Holdan Hitchcock
Associate Opinion Editor

In my senior year of high school, my classmates and I were given a task from our English teacher to persuade our audiences about anything. It wasn’t meant to be a political assignment although I’m sure a few other students presented political ideals. However, I went with a more topical discussion. I remember seeing news reports around this time in high school that social media was in fact causing more harm than good. This notion I certainly didn’t believe, so I set out to persuade my peers that these reports were bogus. And if you were in that first period English class with me at Wyalusing Valley, I would have told you the true blessings that social media and tech has provided. A few examples I poured out were ideas of being able to get news from reputable sources within a few button presses, the connections created with one another that increased dopamine levels, and entertainment content found on the web. I argued that social media and other ventures in the tech social space brought about good, systemic changes in human interaction. Yet this piece isn’t about how I got an A- in a high school presentation. I reference this story because after viewing the Netflix Original documentary “The Social Dilemma;” I do not believe I’d give the same optimistic type of presentation today.

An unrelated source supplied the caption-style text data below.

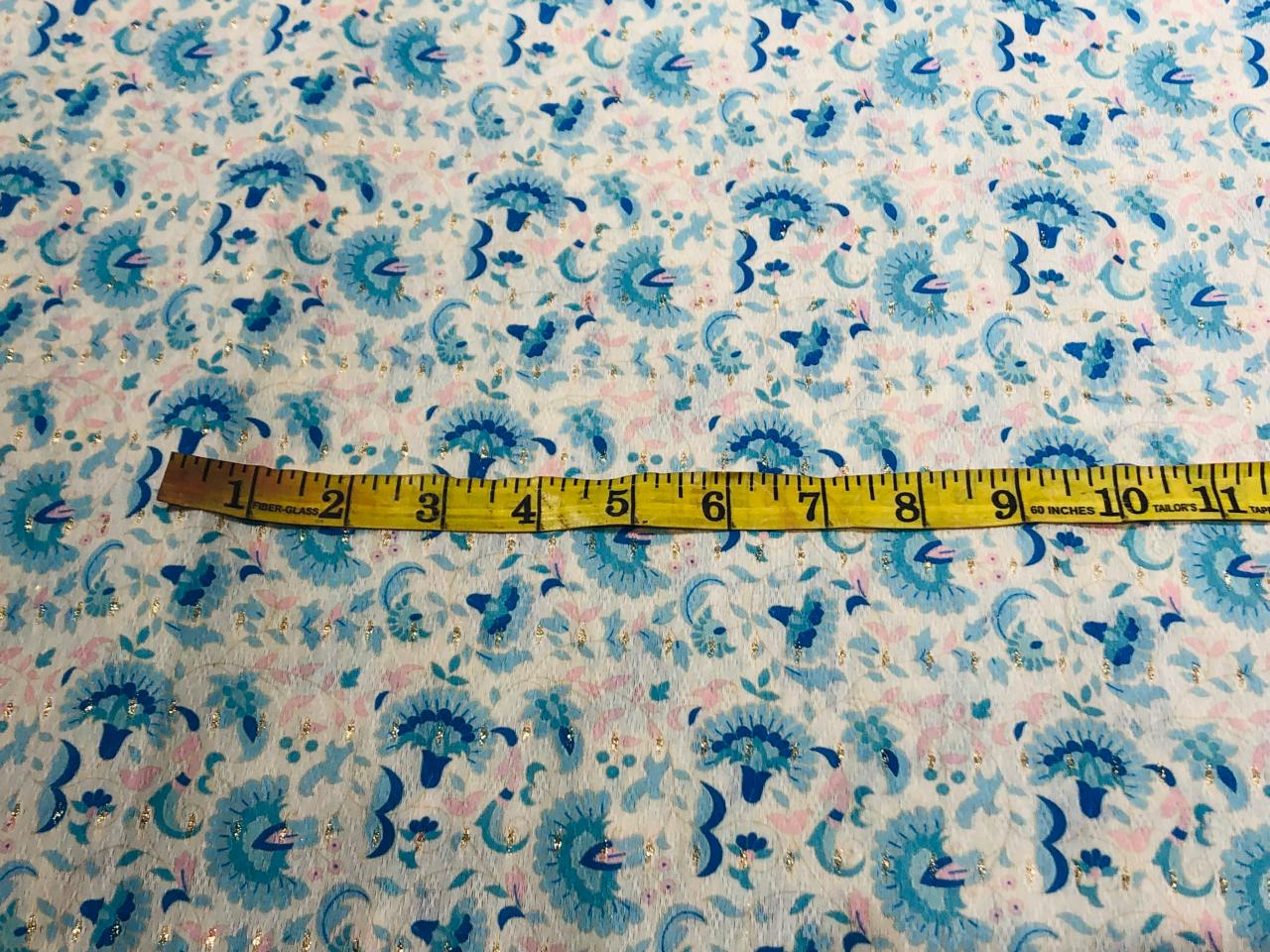 Silk Brocade fabric 56" ivory with blue and pink floral and very subtle metallic gold jacquard BRO1060[1]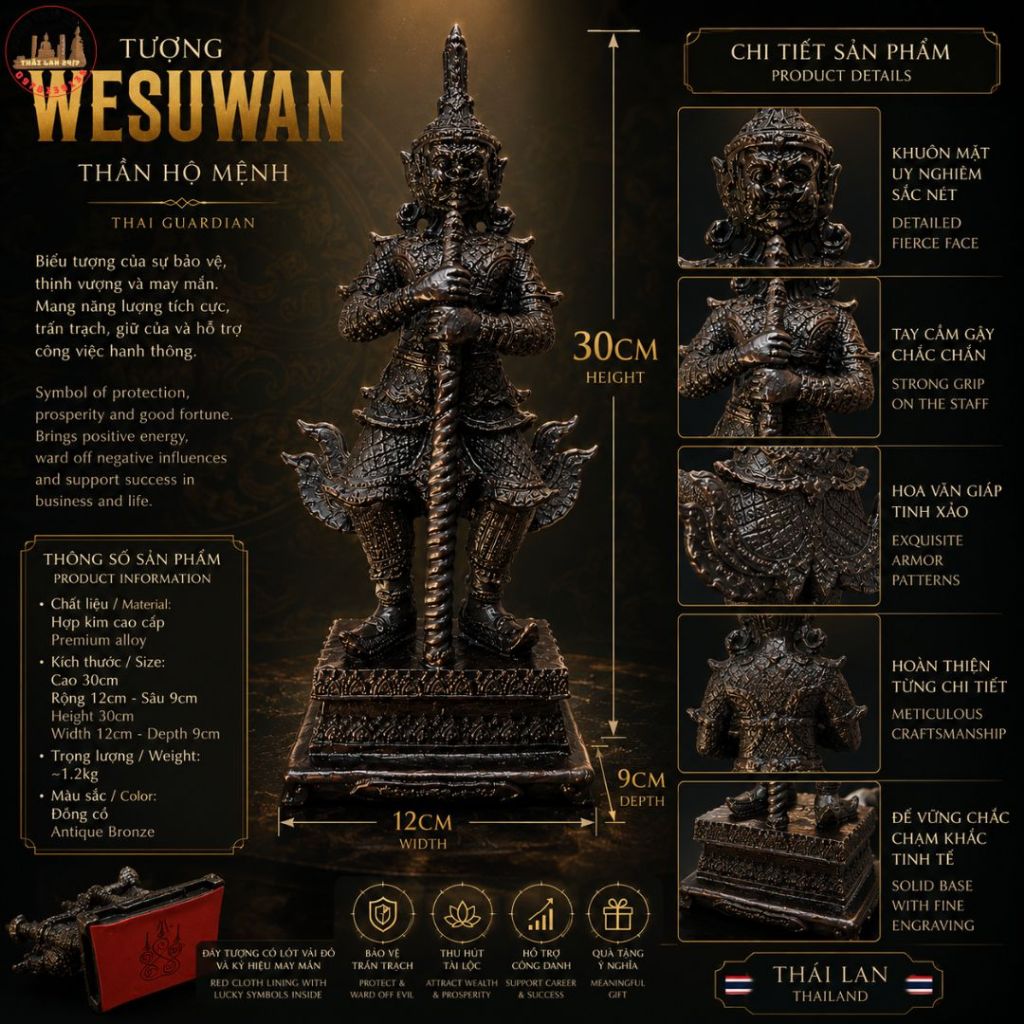 Tượng Decor Mini Wessuwan Thailand 30cm Vật Trang Trí Cá Nhân Mang Lại Cảm Giác Bình Yên
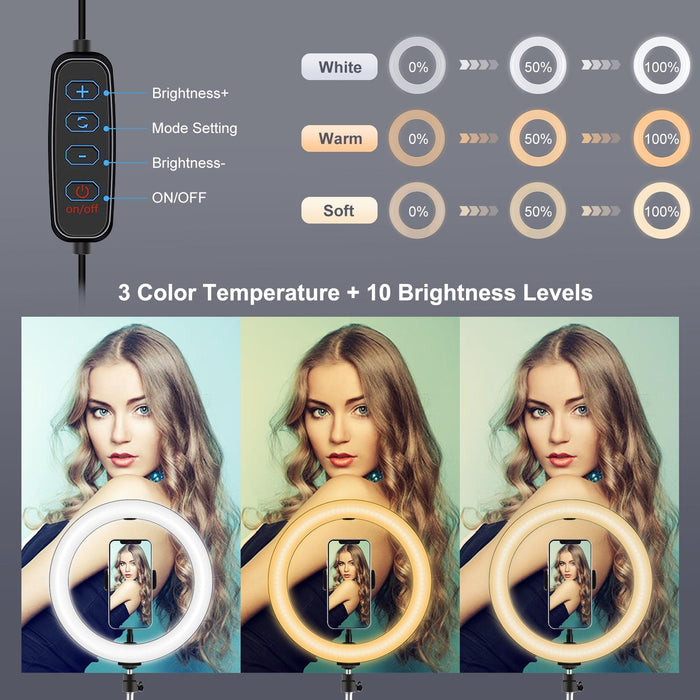 26Cm Usb 3 Modes Dimmable Dual Colour Temperature Led Curved Diffuse Light Ring Vlogging Selfie Photography Video Lights With Phone Clamp
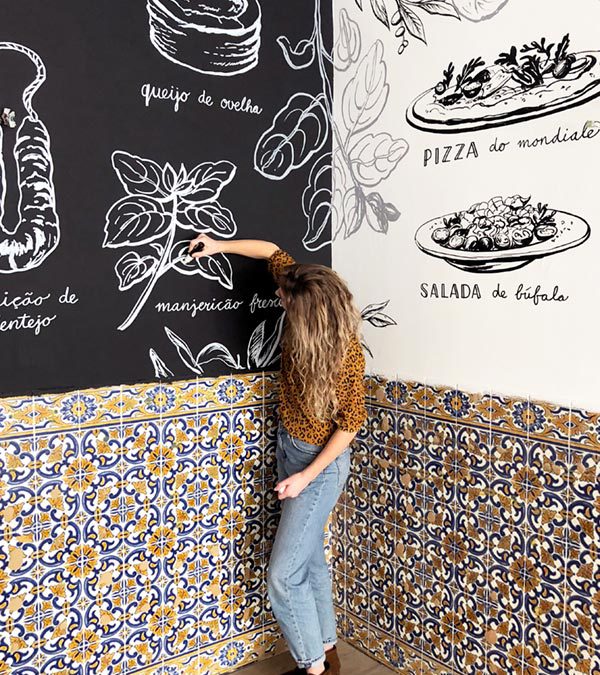 La Bella Vita | 15 meter muurtekening in restaurant in Portugal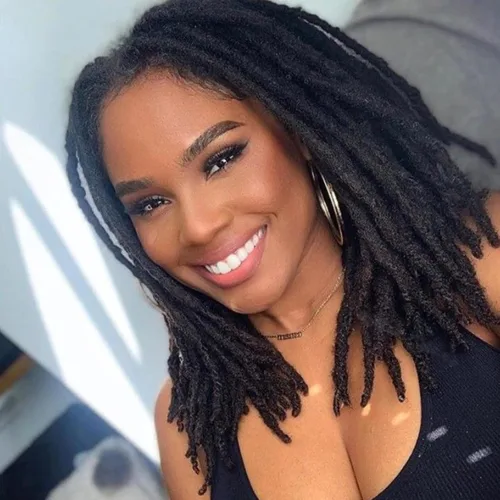 Miniatura 26 de Extensiones de cabello humano Loc de 0.2 cm de ancho, 4 pulgadas, 30 hebras, negro natural 100% completamente hechas a mano, extensiones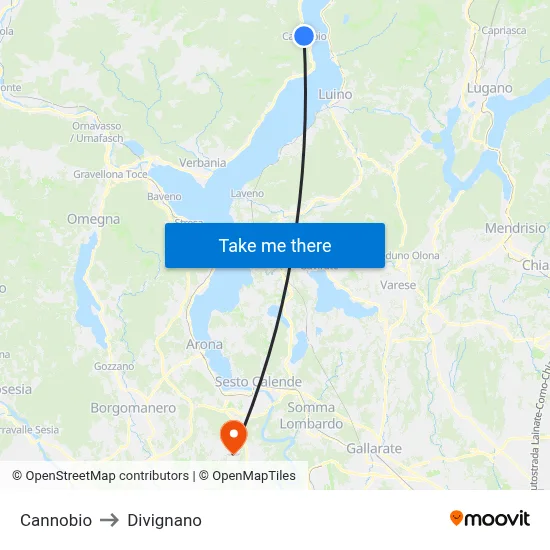 Cannobio to Divignano map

“The Social Dilemma” interviews tech industry engineers and insiders about some hidden truths of the tech industry at large. The documentary opens with Tristan Harris a, former engineer at Google and Co-Founder of Center for Humane Technology who is propped up as the catalyst for the whole documentary itself. Tristan Harris states at the beginning of his interview, that he was working at Google at a time in which they were working on a new design for how email notifications work and was feeling burnt out. Harris says that even he was addicted to his email and he began to question the integrity of what Google was doing, “Shouldn’t we be making this less addicting?” He asked. This idea gained traction with hundreds of employees at Google and was even brought to attention by Larry Page, one of the Co-Founders of Google.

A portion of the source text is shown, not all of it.